[Short web captions]
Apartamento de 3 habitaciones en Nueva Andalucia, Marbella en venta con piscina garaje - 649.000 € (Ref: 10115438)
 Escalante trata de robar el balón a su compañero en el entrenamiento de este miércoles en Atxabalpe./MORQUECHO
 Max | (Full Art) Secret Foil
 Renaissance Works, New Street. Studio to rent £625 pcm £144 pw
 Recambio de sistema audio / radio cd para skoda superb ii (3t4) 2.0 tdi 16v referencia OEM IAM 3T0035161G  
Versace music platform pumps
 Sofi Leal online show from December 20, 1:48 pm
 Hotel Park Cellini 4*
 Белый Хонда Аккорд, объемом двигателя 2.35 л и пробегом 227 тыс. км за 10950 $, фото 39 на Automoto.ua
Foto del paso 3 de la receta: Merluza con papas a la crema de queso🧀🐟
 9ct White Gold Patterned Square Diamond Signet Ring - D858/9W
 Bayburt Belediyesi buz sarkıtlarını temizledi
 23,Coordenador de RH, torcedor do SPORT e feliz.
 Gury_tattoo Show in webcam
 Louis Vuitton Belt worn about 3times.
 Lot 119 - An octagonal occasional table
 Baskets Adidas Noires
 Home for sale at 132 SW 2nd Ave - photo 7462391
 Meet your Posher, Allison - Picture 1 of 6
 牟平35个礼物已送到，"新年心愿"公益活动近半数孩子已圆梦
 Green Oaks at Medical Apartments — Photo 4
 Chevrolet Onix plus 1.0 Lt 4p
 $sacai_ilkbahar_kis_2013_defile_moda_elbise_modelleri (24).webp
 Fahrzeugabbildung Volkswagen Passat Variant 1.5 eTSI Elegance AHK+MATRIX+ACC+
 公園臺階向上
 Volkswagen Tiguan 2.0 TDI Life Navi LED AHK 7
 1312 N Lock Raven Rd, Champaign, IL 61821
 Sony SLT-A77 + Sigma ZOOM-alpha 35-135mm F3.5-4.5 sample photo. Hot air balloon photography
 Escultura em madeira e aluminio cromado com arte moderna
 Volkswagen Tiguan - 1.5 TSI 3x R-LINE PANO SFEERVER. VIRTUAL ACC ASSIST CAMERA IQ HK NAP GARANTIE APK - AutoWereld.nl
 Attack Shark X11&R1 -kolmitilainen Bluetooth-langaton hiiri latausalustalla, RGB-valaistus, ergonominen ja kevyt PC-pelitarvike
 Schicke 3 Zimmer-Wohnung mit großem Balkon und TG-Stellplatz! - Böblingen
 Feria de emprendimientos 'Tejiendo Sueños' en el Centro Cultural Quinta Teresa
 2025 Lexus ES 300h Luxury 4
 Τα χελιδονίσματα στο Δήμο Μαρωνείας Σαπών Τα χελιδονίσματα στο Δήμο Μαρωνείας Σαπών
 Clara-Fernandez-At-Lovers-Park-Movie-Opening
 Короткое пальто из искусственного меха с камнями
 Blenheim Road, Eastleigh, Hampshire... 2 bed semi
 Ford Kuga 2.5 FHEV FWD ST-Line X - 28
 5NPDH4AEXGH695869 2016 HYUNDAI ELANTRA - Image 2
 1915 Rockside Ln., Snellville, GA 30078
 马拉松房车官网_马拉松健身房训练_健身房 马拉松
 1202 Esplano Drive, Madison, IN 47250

→ **Exercise directions**: Starting at the line that contains "1915 Rockside Ln., Snellville, GA 30078", copy every line down to the last line of the records above, exactly as written.

→ **Answer area**:
 1915 Rockside Ln., Snellville, GA 30078
 马拉松房车官网_马拉松健身房训练_健身房 马拉松
 1202 Esplano Drive, Madison, IN 47250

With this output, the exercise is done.